**** Supplied records

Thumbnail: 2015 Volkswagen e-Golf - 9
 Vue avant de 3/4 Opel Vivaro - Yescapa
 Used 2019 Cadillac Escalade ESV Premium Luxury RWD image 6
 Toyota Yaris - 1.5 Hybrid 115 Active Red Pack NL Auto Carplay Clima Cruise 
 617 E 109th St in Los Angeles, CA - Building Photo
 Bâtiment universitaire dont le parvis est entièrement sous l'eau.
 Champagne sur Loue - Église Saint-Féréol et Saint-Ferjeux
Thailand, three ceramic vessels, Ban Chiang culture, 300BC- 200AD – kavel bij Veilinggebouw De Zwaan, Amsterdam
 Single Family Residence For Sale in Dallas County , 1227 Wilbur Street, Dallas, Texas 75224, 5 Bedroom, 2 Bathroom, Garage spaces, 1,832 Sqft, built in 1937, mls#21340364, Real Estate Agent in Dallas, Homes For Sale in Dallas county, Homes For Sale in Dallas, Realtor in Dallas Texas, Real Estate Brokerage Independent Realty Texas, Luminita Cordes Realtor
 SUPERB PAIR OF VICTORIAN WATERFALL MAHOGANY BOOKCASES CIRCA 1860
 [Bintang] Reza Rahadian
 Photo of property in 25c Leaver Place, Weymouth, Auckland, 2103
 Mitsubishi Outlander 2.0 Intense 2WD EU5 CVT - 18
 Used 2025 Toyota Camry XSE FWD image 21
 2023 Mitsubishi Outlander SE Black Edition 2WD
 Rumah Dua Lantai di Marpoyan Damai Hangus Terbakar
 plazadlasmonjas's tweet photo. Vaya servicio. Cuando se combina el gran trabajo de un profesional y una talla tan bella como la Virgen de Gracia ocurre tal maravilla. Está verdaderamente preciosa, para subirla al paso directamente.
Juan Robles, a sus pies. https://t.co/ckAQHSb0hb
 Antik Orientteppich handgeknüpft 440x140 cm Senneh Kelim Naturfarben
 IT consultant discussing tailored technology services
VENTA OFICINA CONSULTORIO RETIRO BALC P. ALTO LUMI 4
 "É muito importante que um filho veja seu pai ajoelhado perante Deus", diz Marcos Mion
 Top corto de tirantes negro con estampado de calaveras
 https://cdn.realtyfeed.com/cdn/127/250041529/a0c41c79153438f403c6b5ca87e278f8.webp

********

§ **Exercise description**:
Your answer should consist of the lines above that hold the word "image", copied exactly.

§ **Answer space**:
 Used 2019 Cadillac Escalade ESV Premium Luxury RWD image 6
 Used 2025 Toyota Camry XSE FWD image 21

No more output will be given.